Exercise details: Should the word "with" occur in a line of the records, copy that line.
[Extracted data Boundary: Start]
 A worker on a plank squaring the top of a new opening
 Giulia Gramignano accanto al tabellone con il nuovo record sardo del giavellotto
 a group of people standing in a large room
[Extracted data Boundary: End]
[Extracted data Boundary: Start]
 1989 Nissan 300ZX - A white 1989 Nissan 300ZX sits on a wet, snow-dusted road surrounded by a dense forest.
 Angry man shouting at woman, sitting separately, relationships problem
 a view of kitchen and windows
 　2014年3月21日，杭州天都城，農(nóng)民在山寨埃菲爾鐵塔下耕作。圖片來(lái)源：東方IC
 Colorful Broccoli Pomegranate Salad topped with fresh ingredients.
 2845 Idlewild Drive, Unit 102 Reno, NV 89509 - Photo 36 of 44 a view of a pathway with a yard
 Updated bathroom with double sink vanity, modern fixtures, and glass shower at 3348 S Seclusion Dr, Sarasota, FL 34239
[Extracted data Boundary: End]
[Extracted data Boundary: Start]
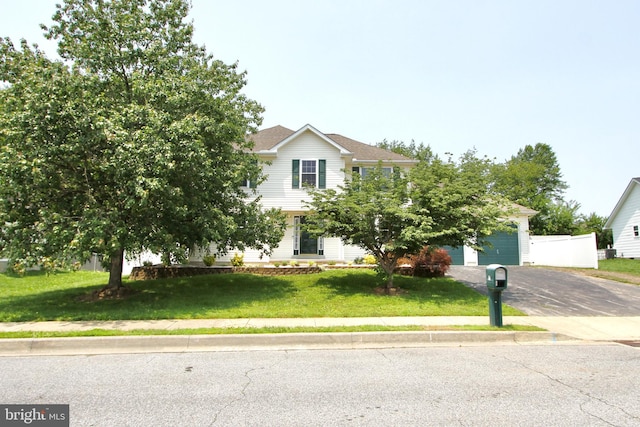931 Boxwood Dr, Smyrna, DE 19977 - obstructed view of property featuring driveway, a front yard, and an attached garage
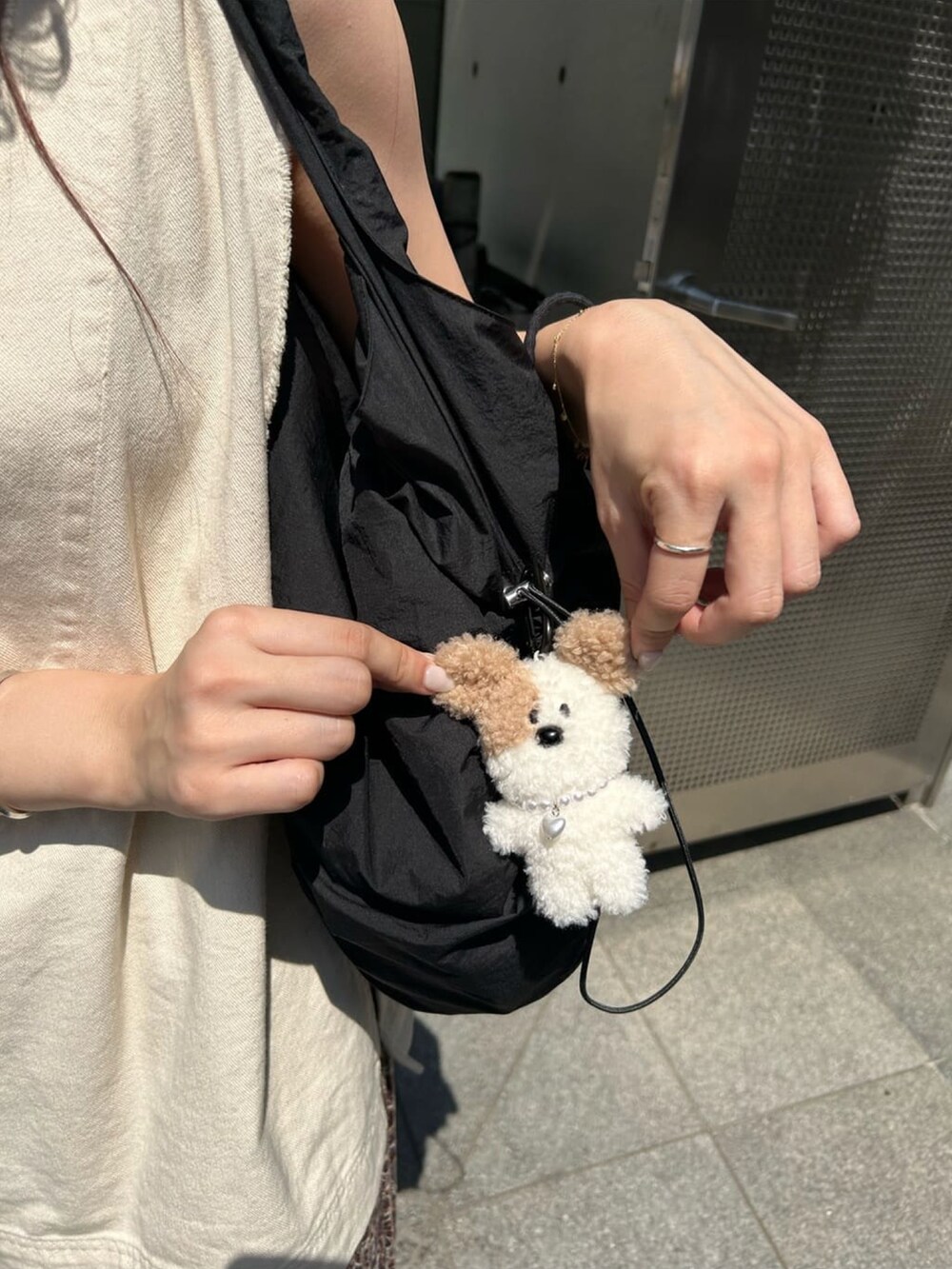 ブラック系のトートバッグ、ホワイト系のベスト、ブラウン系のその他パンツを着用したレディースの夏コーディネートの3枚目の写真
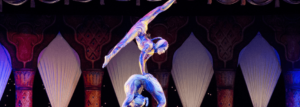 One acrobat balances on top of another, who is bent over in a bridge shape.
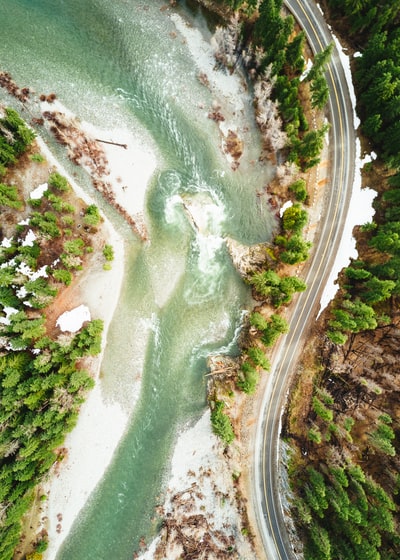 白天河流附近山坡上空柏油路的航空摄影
[Extracted data Boundary: End]
Result for this task:
 Colorful Broccoli Pomegranate Salad topped with fresh ingredients.
 2845 Idlewild Drive, Unit 102 Reno, NV 89509 - Photo 36 of 44 a view of a pathway with a yard
 Updated bathroom with double sink vanity, modern fixtures, and glass shower at 3348 S Seclusion Dr, Sarasota, FL 34239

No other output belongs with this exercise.